На улице, уже просто фланируя, циркач рядится святошей, чудаком, героем, шарлатаном. Кем и чем угодно, в нем ото всех понемногу. Сущий Лукреций: «Я человек, и ничто человеческое мне не чуждо».
И лишь одно грозит тому кто довольствуется всем, — это опасность утратить ту единственную роскошь, что дорогого стоит: в чем-то нуждаться.
К нему приходишь, как в заветный уголок, где можно передохнуть. Видно море, и синий день так незыблем, будто никогда не кончится.
Человек он — или сосна, цепко вросшая в землю, встречает нас птичьими голосами? И вдруг мы перестаем понимать — такова его природа, — существует ли он или придуман великим художником, фанатиком реализма. Реальность двоится.
Чистота и поэзия здесь дарят жизни надежность и красоту, чудесно совмещенные в заказнике свободы. Словно обе они — две стороны золотой медали — стали сплавом мира и здоровья.
Глотнув свежей воды из родника под сосной и сорвав цветок на память, убежденные, что здесь гнездится Минерва, мы идем дальше, весело рассуждая, что природа иногда любит всю себя проявить в каком-нибудь образчике или эталоне.

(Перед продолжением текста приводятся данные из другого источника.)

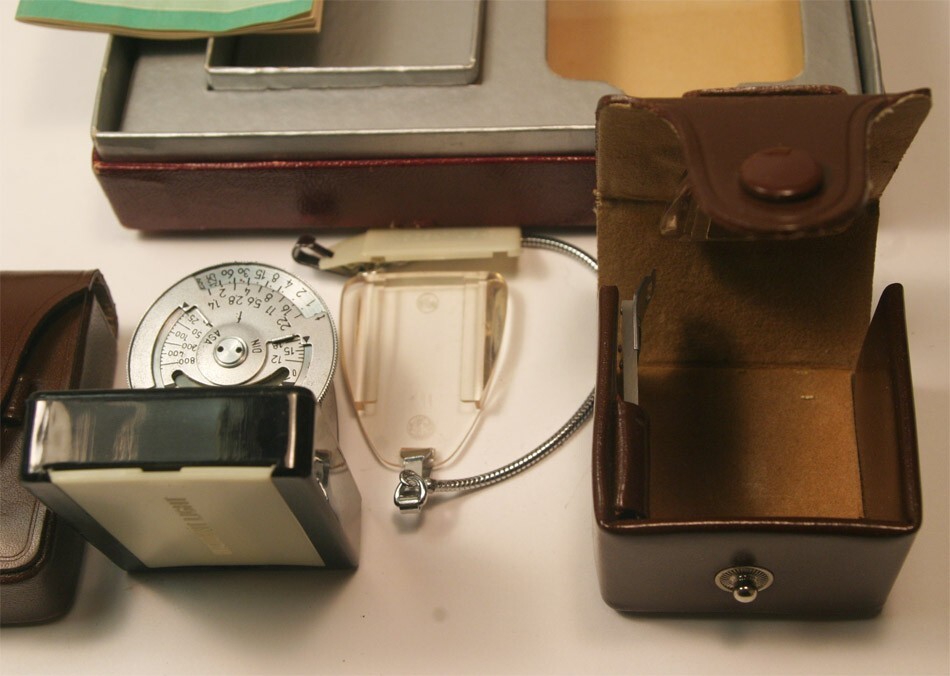 Leica Meter 3 Shoe Mount & hand held with Incident Attachment in Box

А эталон природной самодостаточности остается, лучший образец естественности — человек-сосна Грегорио Мараньон.
Давняя ночь с огромной луной цвета зари (третий час, Мадрид, скамейка на улице Веласкеса). Фернандо Вильялон, не отводя круглого прокопченного лица от круглой зелено-сизой (о, севильские маслины!) луны, впивается взглядом в это восточное зеркало, где явно серебрится вся его Севилья, и выносит вердикт: «Пора приступить к поливу». Теософ, скотовод и поэт толкутся в тесноте его массивной фигуры. И холодная улыбка раздвигает его узкий рот.
Эта полуулыбка вскользь, неохотная и почти скептическая, возникает, как солнечный отблеск на стекле незнакомого окна. Но это не та улыбка, что просится наружу, и он гонит ее прикрытым зевком, глухим хмыканьем, отеческой воркотней, словно муху. (Далека сейчас та светлая мадридская ночь, пустует, наверно, та скамейка; Фернандо Вильялон один-одинешенек на своем востоке.) Он не знает, уходить или нет. (Четверть третьего.) Трудно сдвинуться с места. (Три.) Стремительный, необычно и неуверенно быстрый рост его поэтического древа сделал его неустойчивым, не готовым к переменам ритма. (Полчетвертого.) Его грудная клетка вроде короба, кое-как набитого наспех и до краев, который валится, если сдвинуть с места, и рассыпается. (Четыре.) Словно его внутренние органы держатся каким-то чудом не на своих местах, мешая друг другу.
Пора его сдвинуть. (Март 1930. Я здесь, в его прекрасной Севилье, золотой и холодной.) А Фернандо Вильялон, славный человек и хороший поэт, не вернется уже никогда.
Вставая, он двигался, как висельник, трудно поворачиваясь, словно сломанный флюгер, кое-как ввинченный в пол.
Когда я увидел его («Помбо», зимний пар, банкетный зал в тонких запахах кошачьей мочи и дамский обезьянник в проветренном пространстве зеркал), он показался мне неподдельно искусственным, собранным из каменной соли, загипсованного картона, стеклянных глаз и колючей головы копченого тунца. Запечатанная тройной печатью, засургученная, заспиртованная в своем собственном соку, его законсервированная жизненность не соприкасалась с окружающим. Воротничок, галстук, костюм присутствовали отдельно, не способствуя общению. Он отсутствовал.